Author: Confucius Page 24

Confucius say… prostitute with a degree in psychology will blow your mind.

Confucius say… who try doggie style sex, won't want to face his wife again.

Confucius say… he who stick head in open window get pane in neck.

Confucius say… alarm clock is something that makes people rise and whine.

Confucius say… men are like Lava lamps… fun to look at, but not very bright.

Confucius say… many men bite, but Fu Man Chu.

Confucius say… man who scratches ass should not bite fingernails.

Confucius say… Jamaican proctologist is called Pok-e-mon.

Confucius say… 'tis better to have loved a short woman than to have never loved a tall.

Confucius say… basketball player who marry midget lady will be nuts over her.

Confucius say… all's fear in love and war.

Confucius say… your strength lies in your continued belief that what you just ate was indeed duck.

Confucius say… man have more hair on chest than woman, but on the whole woman have more.

Confucius say… few things are harder to put up with than a good example.

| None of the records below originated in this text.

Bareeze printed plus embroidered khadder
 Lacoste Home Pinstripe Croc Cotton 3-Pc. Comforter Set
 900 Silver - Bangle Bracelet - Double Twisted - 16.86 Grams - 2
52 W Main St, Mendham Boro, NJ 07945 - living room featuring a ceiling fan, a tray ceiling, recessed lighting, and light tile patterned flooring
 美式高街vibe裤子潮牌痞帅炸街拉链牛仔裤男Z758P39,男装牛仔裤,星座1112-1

Confucius say… Eskimos go to Tupperware parties to find a tight seal.

Confucius say… cow spying on another cow is called a steak out.

Confucius say… no time for your health today; no health for your time tomorrow.

Confucius say… woman who absentmindedly answer the door in her nightie is negligent.

Confucius say… Dalmatians can't play hide and seek, because they are always spotted.

Confucius say… man who cut self while shaving, lose face.

Confucius say… if you do not wish get to the point, never play leap frog with a unicorn.